As queixas de indisciplina em contexto escolar são mais do que muitas. Uma das estratégias das escolas para minimizar e prevenir problemas de comportamento, como a agressividade, bullying e outras diatribes infantis e juvenis em contexto escolar são programas de promoção do desenvolvimento socio-emocional. Estes programas, geralmente desenvolvidos por psicólogos, abordam várias dimensões implicados na autorregulação e resolução de conflitos, nomeadamente a identificação e expressão de emoções, treino de estratégias de comunicação adequadas, pensamento alternativo e consequencial face a problemas interpessoais, estratégias de autorregulação, entre outros aspetos. A eficácia das atividades propostas nestes programas tem sido fundamentada do ponto de vista científico, mas a sua transferência para contextos rotineiros na família e na escola estará sem dúvida associada a comportamentos semelhantes por parte dos adultos significativos que lidam com as crianças.

De facto, não é possível incentivar a expressão das emoções infantis se os adultos não têm eles próprios um discurso revelador de sentimentos (e muito menos admitem que as crianças não possam experienciar sentimentos como tristeza ou raiva). Dificilmente podemos exigir das crianças fórmulas de comunicação adequadas quando os adultos usam padrões de comunicação com gritarias e outras coisas que tais. Se desejamos criar nas crianças hábitos de ponderação face a problemas ou aprender a mobilizar estratégias de autocontrolo de emoções, os adultos não devem ser, por seu lado, modelos de impulsividade. Não é possível que pais e professores continuem a usar aquela máxima "faz o que te digo e não olhes ao que eu faço" se queremos mudar de forma consistente padrões de comportamento e de relação.
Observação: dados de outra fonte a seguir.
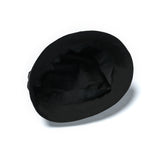 サークルロゴバケットハット0159 / Circle Logo Bucket Hat (4580350787702)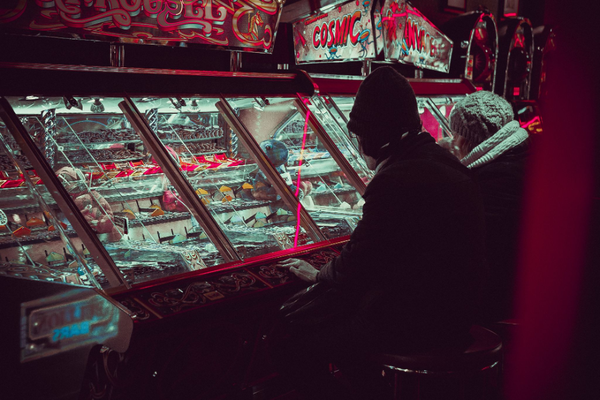 {{ blog.title }}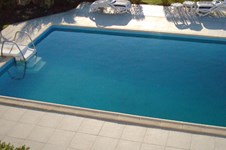 Property 843 photo 15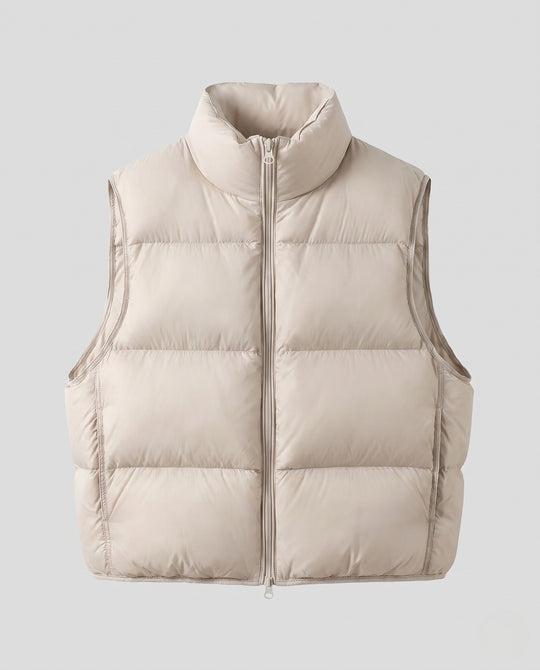 Product 15966077190474 - product_only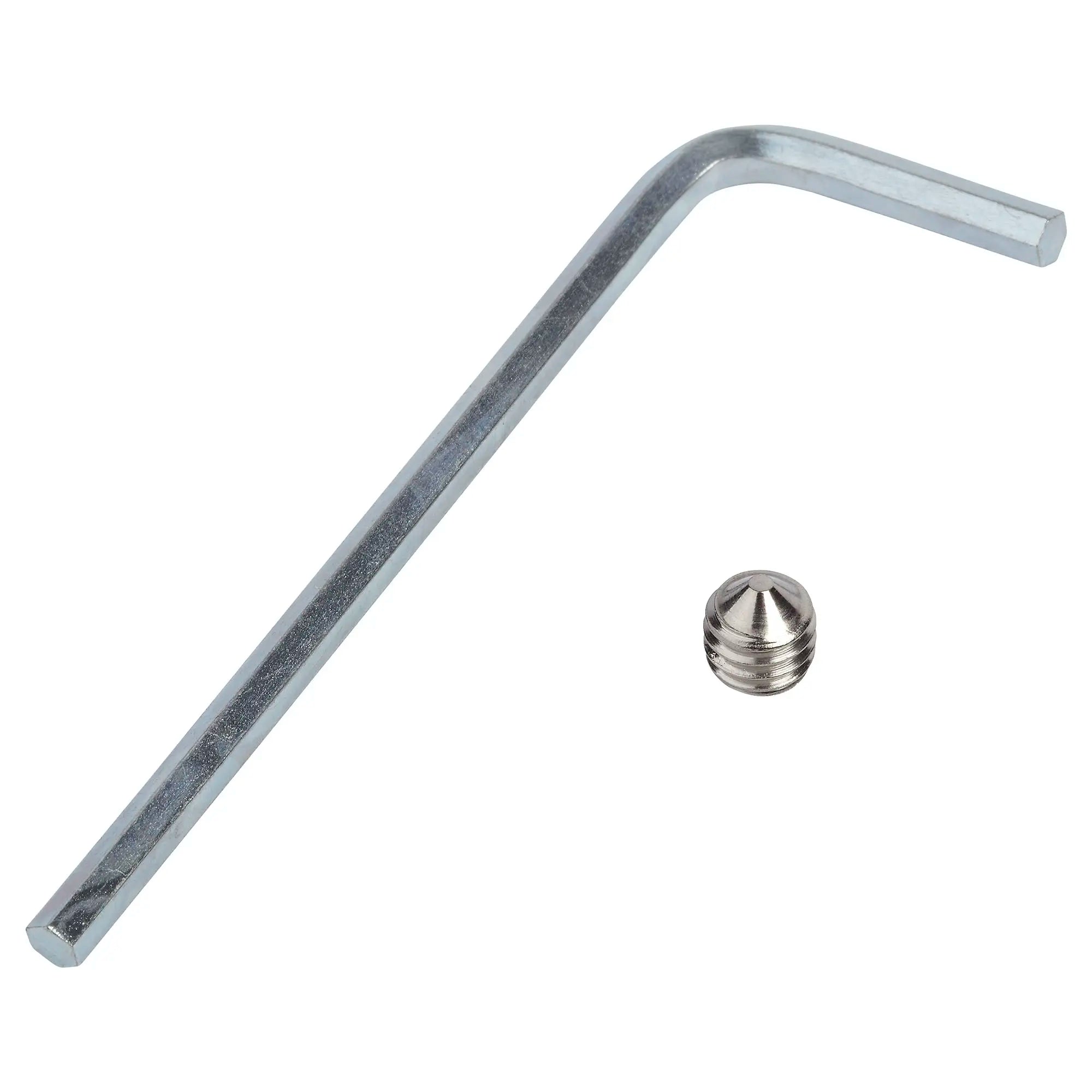 Set Screw Kit // NO FINISH // 38731_P_M964836-0070A_0_CDNwebp.webp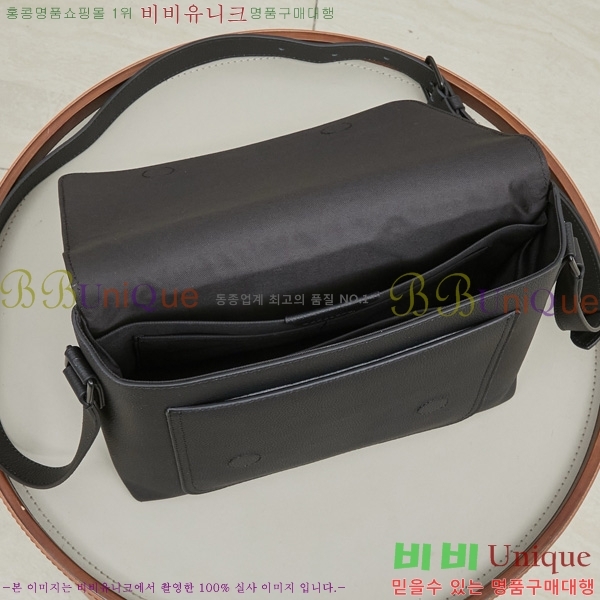 ���̺��� ���ǵ� �޽��� M15268-1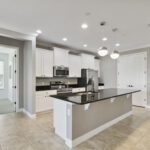 Top 5 Orlando Home Features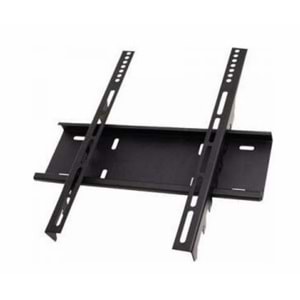 UFİX 70*11 ASKI APARATI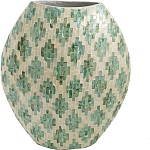 Ваза Cactus format 38 варинант исполнения - 1 | Loft Concept в Орле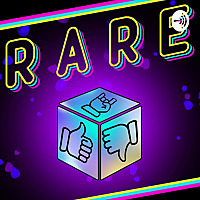 RARE Podcast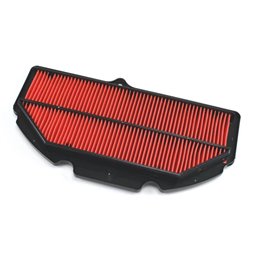 AIR FILTER SUZUKI GSX-R 1000 2012-2016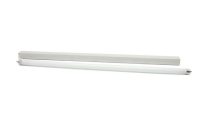 Viavolt 54 Watt T5 Blue Linear Fluorescent Light Bulb Replacement inside measurements 1000 X 1000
Um dia destes, numa entrevista, um elemento da APAV, a propósito da violência doméstica, mencionava a importância da educação das crianças para alterar de vez os padrões de comportamento de agressividade, sendo evidente que a sensibilização para a problemática, só por si, estava a ser claramente insuficiente – basta pensar nos inquéritos sobre a violência no namoro. Para esse efeito temos todos de nos empenhar. Nem que seja para não darmos razão à Cecília Meireles quando a propósito das compras de Natal escreve: "São as cestinhas forradas de seda, as caixas transparentes, os estojos, os papéis de embrulho com desenhos inesperados, os barbantes, atilhos, fitas, o que na verdade oferecemos aos parentes e amigos. Pagamos por essa graça delicada da ilusão."

Bom Natal a todos os leitores e um excelente Ano Novo.